Yeah, that was also why I intentionally didn’t want to get into discussions of specific language at the start of this thread (using instead “C/C++” as the term), because I’ve been in way too many “C vs C++” discussions, and I’d rather prefer to write code, than spending time discussing the merits of various languages… So, yeah, I think we should have the code first (regardless of the language used, C or C++), and after seeing how it looks and works, then let’s talk… :) |
Terje Slettebø (285) 275 posts |
Yeah, that’s a valid concern…
Yeah, ref Bjarne Stroustrup’s quote about blowing your whole leg off… :) C++ has to be used with care, I don’t deny that, and there’s a lot of “gotchas”, but then again, C has its own “challenges”, where you’re basically left to take care of things on your own, so I’m not that convinced that it takes more skill to write code in C++ than in C, but then again, it may also depend on the domain and the sensitity to things like resource usage.
Yeah, string concatenation should be done with the append operator, which here is “+=”. On the other hand, C has its own share of things you have to keep in mind, such as avoiding buffer overruns when concatinating strings, something you don’t need to be concerned with using std::string.
Yeah, you could say that inefficiencies tend to become more visible in C (since you have to do these things manually). On the other hand, the lack of facilities for abstractions in C also means that the intent of the code easily gets lost in a sea of implementation details, and that has its own problems, when it comes to being able to understand and working effectively with the code. If you don’t have an overview of what some code does, it may be harder to write efficient code, too, perhaps not seeing entirely different ways you may do something. |
Jeffrey Lee (213) 6048 posts |
If you’re looking for a non-trivial module to try and convert (either to C or C++) then may I suggest SCSIFS? :-) One of the things on my todo list is to add support for background file transfers, which will then allow us to enable FileCore’s disc caching code, which should make file access quite a bit faster on the BB. But the current SCSIFS source is a bit scary, so I was thinking about rewriting the module in C first. Although the module is fairly simple, it does need to interface with the FileCore & SCSISwitch modules, so it could be a good place to start if you want to get some practice with how to deal with unusual function call interfaces. |
Terje Slettebø (285) 275 posts |
No kidding… :) I’m afraid I would be rather “over my head” working on that one, unfortunately, at least as a first project… My experience lies more in higher-level abstractions, and not so much in lower-level, hardware/device-driver kind of code, where I really don’t have much experience… I was thinking of taking a stab at WindowManager, but I’ve come to, again, that that’s probably way too ambitious as a first project… In particular because it deals with things like setting up task contexts, swapping tasks in and out of the application space, etc., things I don’t know that much about.
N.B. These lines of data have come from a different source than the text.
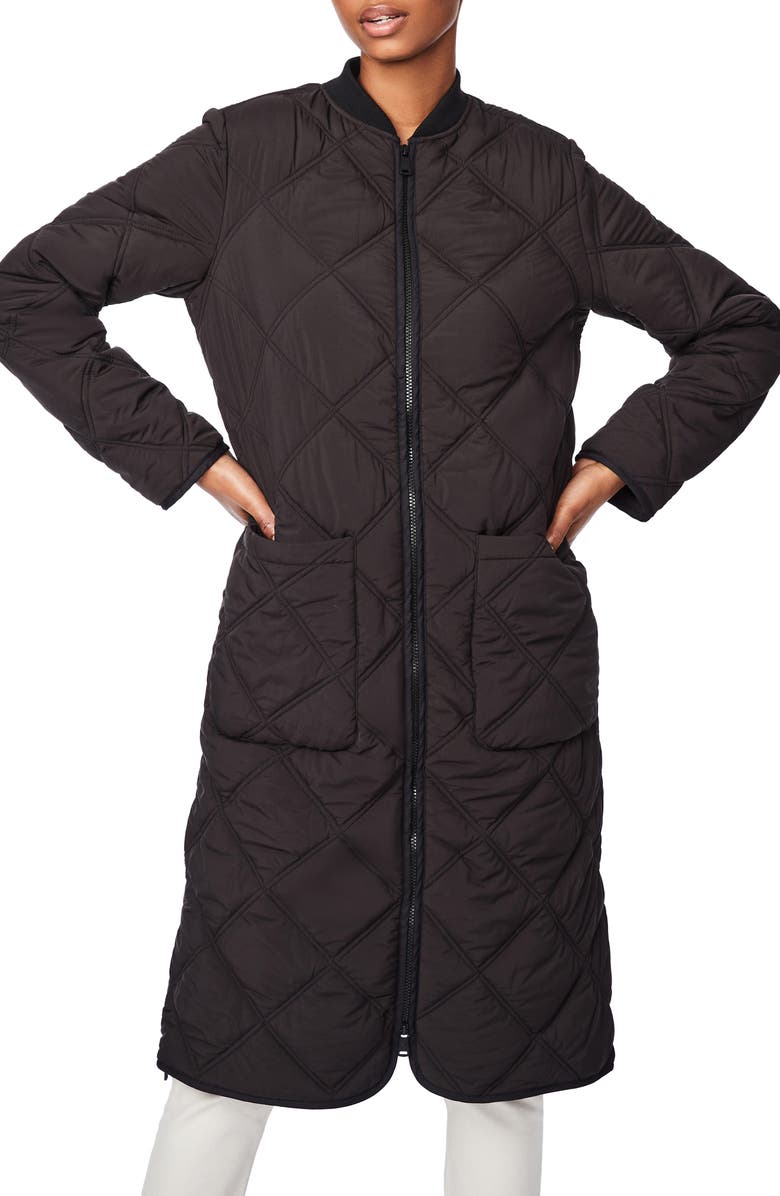 Bernardo Diamond Quilted Long Coat & Bag, Main, color, 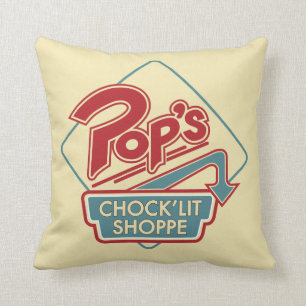 Pop's Chock'Lit Shoppe Red Logo Throw Pillow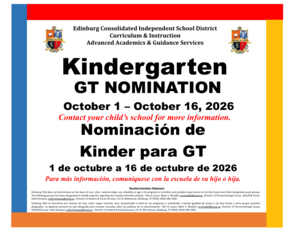 Kinder GT Nomination Period Oct 1-Oct 16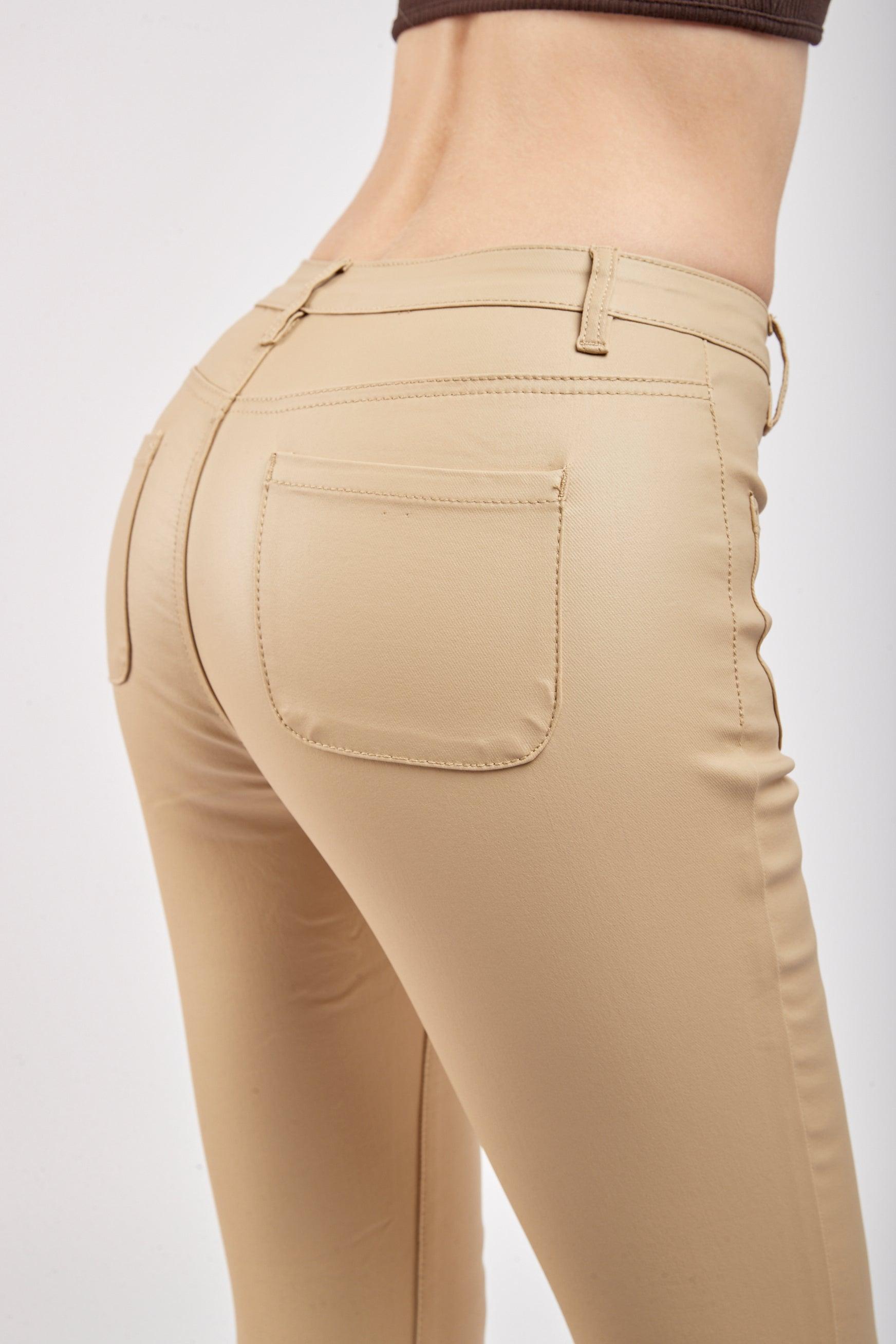 Pantalon beige simili discount cuir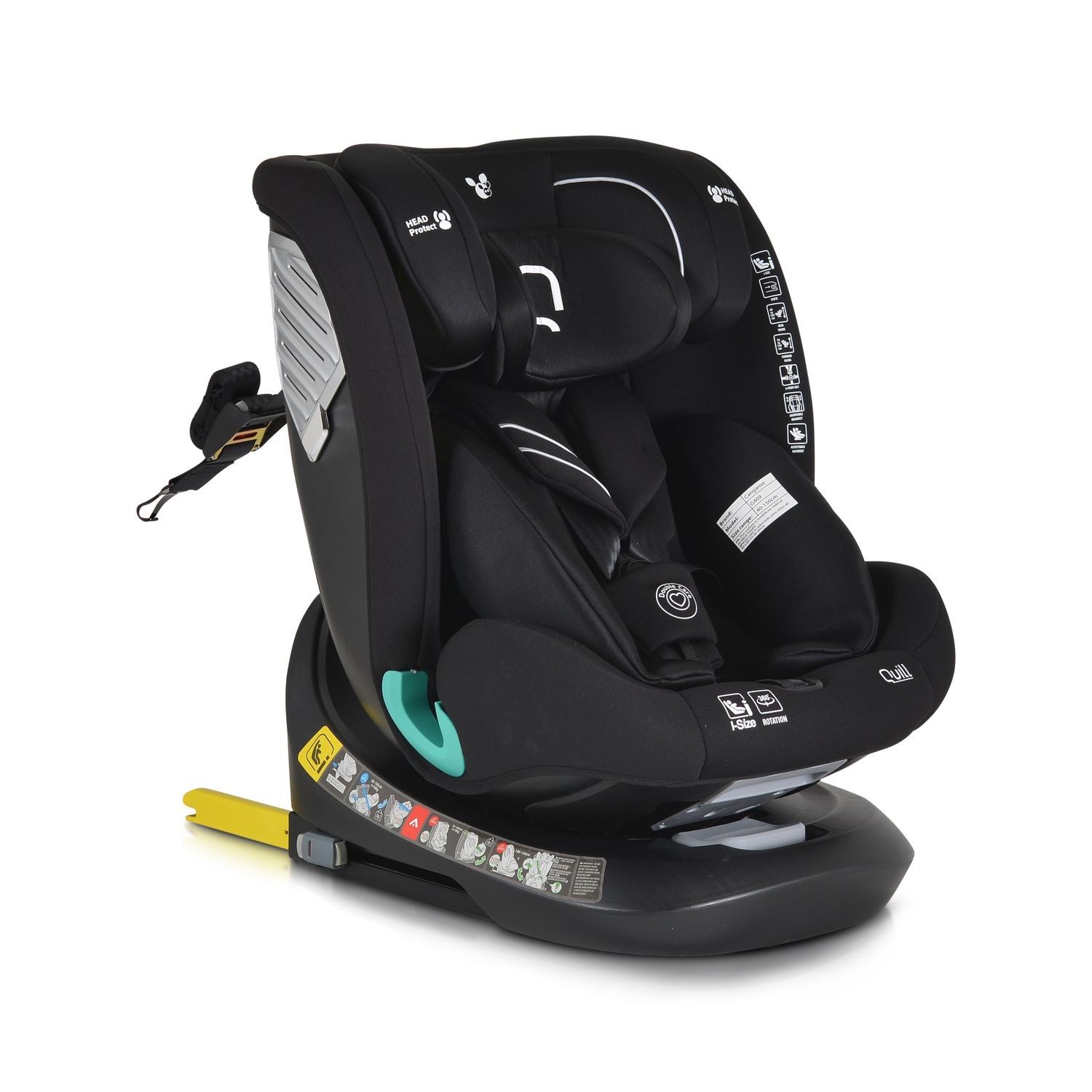 Cangaroo i-Size Kindersitz Quill (40-150cm) Gruppe 0/1/2/3, Isofix, 360&deg; drehbar schwarz - Bild 1
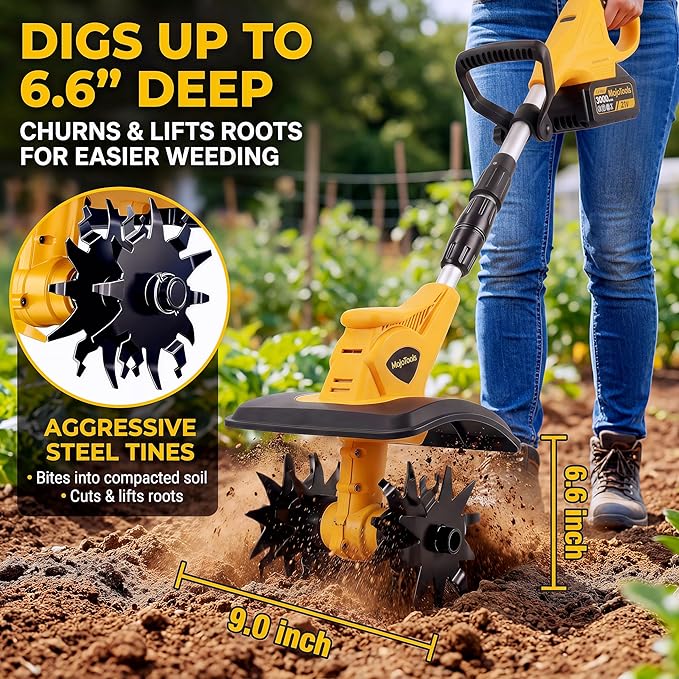 21V Cordless Tiller Cultivator, Compatible with Makita 18V Batteries, Battery Powered Garden Tiller with 2 Lithium-Ion Batteries for Flower Beds (Yellow Tiller + 2 Batteries)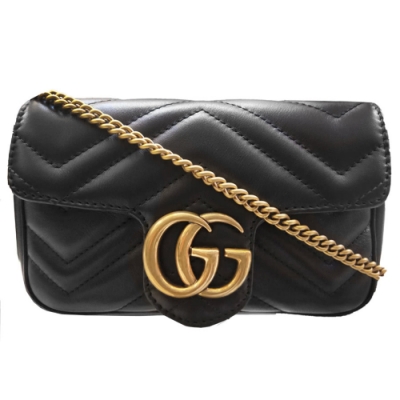 【GUCCI 古馳】476433 經典GG Marmont復古LOGO斜纹皮革MINI手拿/腰包/肩背/斜背包(黑色)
The “ideal” project for me I think would be something relatively small and well-defined in terms of functionality, and I’ve come to that trying to reimplement OS_SpriteOp could give useful experience… Now, I understand that sprite handling (unfortunately) is in the kernel, and therefore can’t be easily changed by loading a new module (although you may be able to handle it by claiming SpriteV, like SpriteExtend apparently does), and that not that much work is planned for improving it, although there is some, and – finally – that a reimplemented version will have to be designed and tested carefully, to make sure that inefficiencies are not introduced, since it’s used all over the place. However, even given all that, I feel that – even if we never end up using the reimplemented version – this will at least give us some valuable experience when it comes to reimplementing OS functionality. Sorry I couldn’t be more helpful, Jeffrey, but I try not to take on tasks I won’t be able to do… :) |
Steffen Huber (91) 1953 posts |
Hi Terje, since I am just like Jeffrey a big fan of motivating you to rewrite SCSIFS, let me explain why this job is ideally suited for you ;-) You could start really small. Start to implement a generic filecore client module where you can just “plug in” the necessary routines to read/write data blocks from somewhere (e.g. from a file, or from a hardware device, or from a dynamic area). So replacing RAMFS would be a great start, and a good testbed for testing support for filecore buffering. You might run into problems with the file idea, because of filecore’s non-reentrant nature… I wouldn’t mind if you start to rewrite CDFS, too – there, you can start with a generic fileswitch client module where you just “plug in” routines to decode blocks of directory data, and again routines to read/write data blocks from somewhere. I think all this is a lot simpler than trying your luck with WindowManager! |
Terje Slettebø (285) 275 posts |
I’m happy to hear that, Alan. :) Like I mentioned earlier, I have a “live and let live” attitude to the use of programming languages (having used, and is using, a bunch of them myself), and I think the most important thing is to encourage development of RISC OS, and applications for it of course, regardless of what language is used… |
Terje Slettebø (285) 275 posts |
Hi Steffen.
Rewriting the filing system stack (either using C or C++) certainly sounds like an exciting prospect, but at my level (when it comes to knowledge of RISC OS internals), I’m afraid I need to pick on something “higher up in the stack”, where less knowledge of the internals/hardware is needed… Yes, WindowManager is definitely out for the moment (even if I’ve already written a bunch of classes for it… ;) That was until I realised the non-function nature of Wimp_StartTask, etc…). I still feel that OS_SpriteOp is a reasonable project, something I should be able to do, with my current RISC OS knowledge, and even here, there have been suggestions for improvements, RISC OS Select features like alpha channel and CMYK support. |
Trevor Johnson (329) 1645 posts |
There seems to be quite a bit of content on optimised assembly vs. C here – not sure how relevant this is but it may have some useful arguments worth considering. |